The Abrupt Physics of Dying – Paul E Hardisty

abruptphysicsofdyingTitle – The Abrupt Physics of Dying

Author – Paul E Hardisty

Published – Dec 14 (ebook) Mar 15 (print)

Genre –  Thriller

This is one of the first books to come out of new publisher Orenda Books and if all the books are as good as this they will be a force to be reckoned with.

The book is best described as an “eco-thriller” and with a background working as an engineer, hydrologist and environmental scientist Hardisty is well-qualified to write about the subject.  However, if this makes you think that the book will be full of lots of technical detail you needn’t worry – Hardisty has a deft hand when it comes to balancing what the reader needs to understand and what they don’t.

Claymore Straker (isn’t that a name to conjure with!) is an oil company engineer based in Yemen. His job is to put together the environmental reports that will back up the company’s plans to do – well to do whatever it is they want. The book opens to a cracking start as Straker and his Yemeni driver are hijacked by terrorists and the incident gives the reader a real feel for Straker’s character.  He’s torn between being the tough guy and beating the terrorists or complying with them and ensuring the safety of his driver. This balance between action and conscience is at the heart of the book.

The terrorists believe that the oil company is responsible for an illness affecting local villagers and they challenge Straker to find out the truth. He half-heartedly begins to comply with their demands and soon realises that there may be something to the allegations. In fact he’s been burying his head in the sand (if you excuse the pun) for some time and the situation gives him the impetus to make a difference. Early on in the story Straker meets a mysterious journalist – a beautiful young woman with whom he strikes up an alliance. The book introduces the reader to Yemen – its landscape, its people and its politics and all have a part to play in the story.

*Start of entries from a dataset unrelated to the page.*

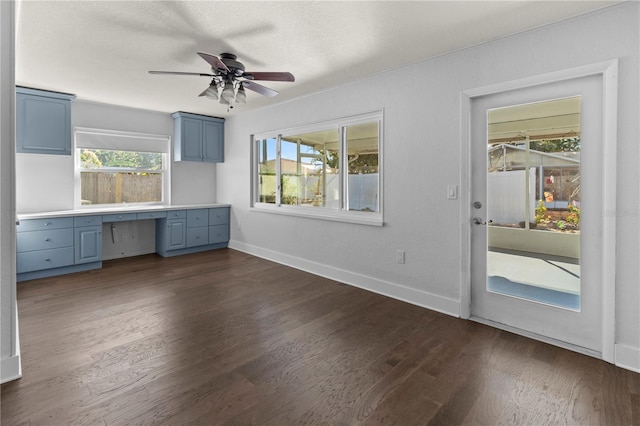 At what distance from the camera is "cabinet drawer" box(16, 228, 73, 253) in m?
3.92

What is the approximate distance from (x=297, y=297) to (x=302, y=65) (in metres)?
2.51

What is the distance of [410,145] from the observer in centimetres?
330

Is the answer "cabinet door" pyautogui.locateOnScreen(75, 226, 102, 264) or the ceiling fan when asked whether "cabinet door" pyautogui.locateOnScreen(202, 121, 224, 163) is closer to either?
"cabinet door" pyautogui.locateOnScreen(75, 226, 102, 264)

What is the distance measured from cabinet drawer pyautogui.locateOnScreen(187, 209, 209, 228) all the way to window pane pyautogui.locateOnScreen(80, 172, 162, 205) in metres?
0.78

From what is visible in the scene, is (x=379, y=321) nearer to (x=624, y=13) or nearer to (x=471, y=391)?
(x=471, y=391)

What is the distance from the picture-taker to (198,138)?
574 centimetres

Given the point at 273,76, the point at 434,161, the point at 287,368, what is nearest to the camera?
the point at 287,368

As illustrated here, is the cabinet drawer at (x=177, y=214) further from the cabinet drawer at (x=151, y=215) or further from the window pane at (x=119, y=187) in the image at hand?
the window pane at (x=119, y=187)

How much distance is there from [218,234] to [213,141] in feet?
5.79

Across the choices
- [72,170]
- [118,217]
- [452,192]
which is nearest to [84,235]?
[118,217]

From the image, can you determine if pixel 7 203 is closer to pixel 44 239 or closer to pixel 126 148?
pixel 44 239

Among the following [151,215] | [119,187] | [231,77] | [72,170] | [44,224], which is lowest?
[44,224]

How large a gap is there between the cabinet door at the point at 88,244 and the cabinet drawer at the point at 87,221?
0.19 feet

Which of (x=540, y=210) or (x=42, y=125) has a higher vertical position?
(x=42, y=125) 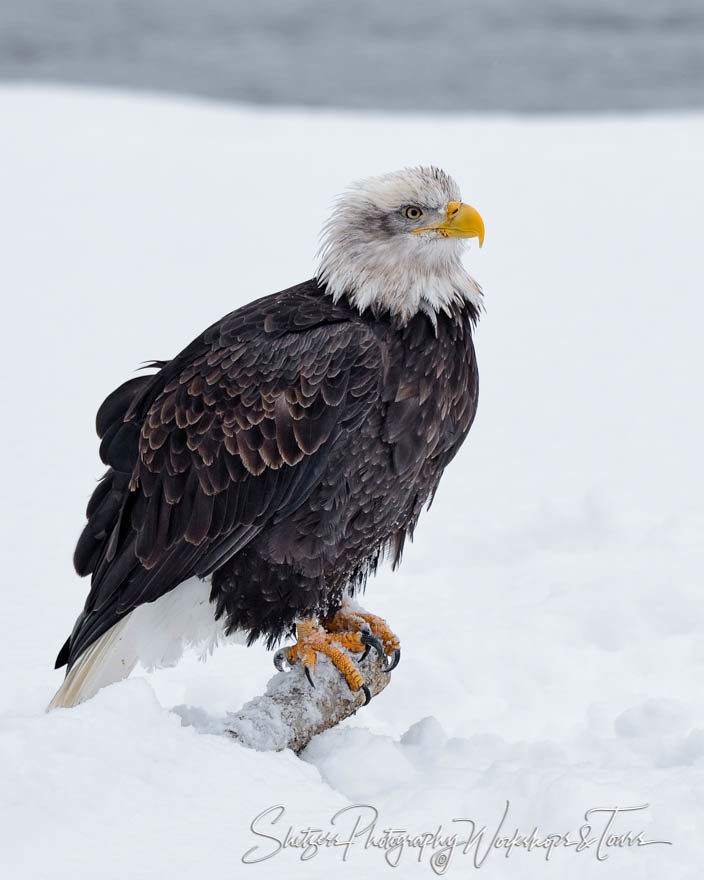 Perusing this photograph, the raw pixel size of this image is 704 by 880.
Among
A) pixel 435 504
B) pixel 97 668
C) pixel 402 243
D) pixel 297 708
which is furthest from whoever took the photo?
pixel 435 504

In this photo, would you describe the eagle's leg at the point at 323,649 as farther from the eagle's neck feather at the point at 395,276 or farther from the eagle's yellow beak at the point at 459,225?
the eagle's yellow beak at the point at 459,225

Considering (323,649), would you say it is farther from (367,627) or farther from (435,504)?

The country is on the verge of a civil war and there are a lot of trigger happy people about – Straker’s situation isn’t helped by getting on the wrong side of one of the most violent of them.

In a previous life Straker was a soldier in the South African army, with references to the Angolan conflict his backstory holds the key to his scruples and something for which he feels the need to make amends. The question is how far is he willing to go and can he ever atone for his earlier actions?

A great page-turner with all the elements that make a cracking thriller. There’s plenty of action, twists and turns, skulduggery and an evil oil company – what more could you want?! This is one of those books that makes you want to turn to Google and find out how much is fact and how much fiction. The underhand behaviour of the oil company is particularly topical as environmental concerns are frequently in the news at the moment with the public’s concerns over fracking. If I have a grumble it’s that the ending doesn’t tie up all the loose ends, but this is the first in a series and I’m already looking forward to The Evolution of Fear – even if I do have to wait until 2016!